Mr. Trump’s two-for one executive order might be considered an application of behavioral economics to deal with an intractable dilemma. Tying the culling of old regulations to the imposition of new ones can be seen as a strategy for forcing regulators to overcome their inability to see problems created by past regulations that remain in force. The order might motivate them to divert time and energy away from their presumed enthusiasm for creating new regulations, using it to clean up the errors their predecessors left behind.

But translating this attentional device into good regulatory policy will be difficult if not impossible, because the issues intrinsic to regulation are so subtle.

As I argued with George Akerlof in a 2015 book, Phishing for Phools: The Economics of Manipulation and Deception, regulators must steer around a minefield of complex deceptions and subterfuges set up by special interests, distortions that become accepted as an everyday reality, to the detriment of consumers. Assuming a reflexive pro-business bias—assuming that businessmen can do no wrong and that regulations can be pared back mechanically—is inconsistent with making difficult judgments about subtle deceptions.

The United States has historically wavered in its views of regulation and we are in danger of taking a wild swing once again. In the 19th century, for example, they were minimal. The first major federal regulator, the Interstate Commerce Commission, was created in 1887 to control fares charged by railroads. It was the beginning of the Progressive movement, which favored increasing regulations to protect the interests of the general public, sometimes irking the wealthy elite.

By the Roaring Twenties, during the presidency of Calvin Coolidge, Progressivism was in retreat and regulations were in disfavor. Mr. Coolidge generally opposed government intervention in the economy on libertarian grounds, and some of his policies have a certain resonance in the Trump era: After all, Coolidge cut taxes on high-income people; appointed a very wealthy man, Andrew Mellon, as Treasury secretary; and restricted immigration by region of origin.

In some respects, Coolidge was nothing like President Trump. Coolidge was a bland speaker, for example, who upheld decorum and traditional, even puritanical, values as the nation enjoyed a burst of personal and sexual liberation and extravagance. But he professed a faith in American business similar to that of the current president’s, a tendency to think that not only could business do no wrong, but also that businessmen were the only people who matter.

Coolidge, for example, spoke reassuringly about the burgeoning brokers’ loans that helped to fuel the stock market boom in the 1920s, and said that America’s business outlook was tremendous, building public confidence—until the crash came, and confidence collapsed.

There was a swing back to a much stronger regulatory regime in the 1930s, with far tighter controls over banks and securities firms, and we still benefit from many of those changes. After further zigzags, we are now facing what could be a dangerously anti-regulatory environment.
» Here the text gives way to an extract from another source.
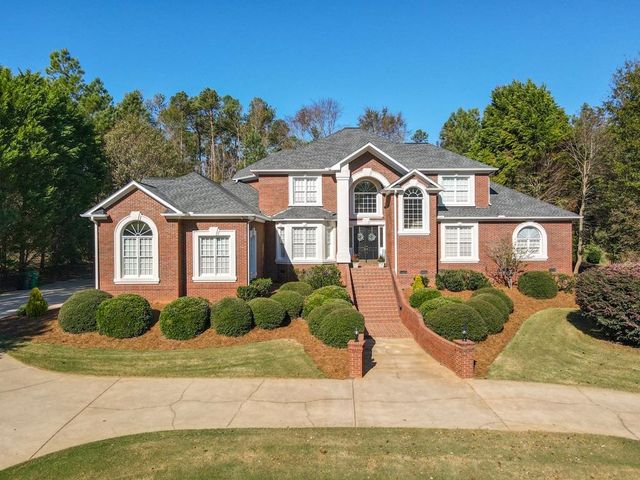 $889,900 | 340 Hidden Creek Circle | Carolina Country Club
But we must remember that government needs to step in where private markets cannot function fairly on their own. Regulation is in the public interest in dozens of areas. Of course, we need to listen to aggrieved parties who feel that they are hurt by over-regulation and, when they have a good case, we should do something about it. But we shouldn’t make the mistake of abandoning trust in the good works of regulators.

The real solution to the problems that are the focus of the two-for-one rule is to provide better rewards, making government regulation a more attractive and respected career. The world is far too complex to make it possible to count up regulations meaningfully and impose a two-for-one rule.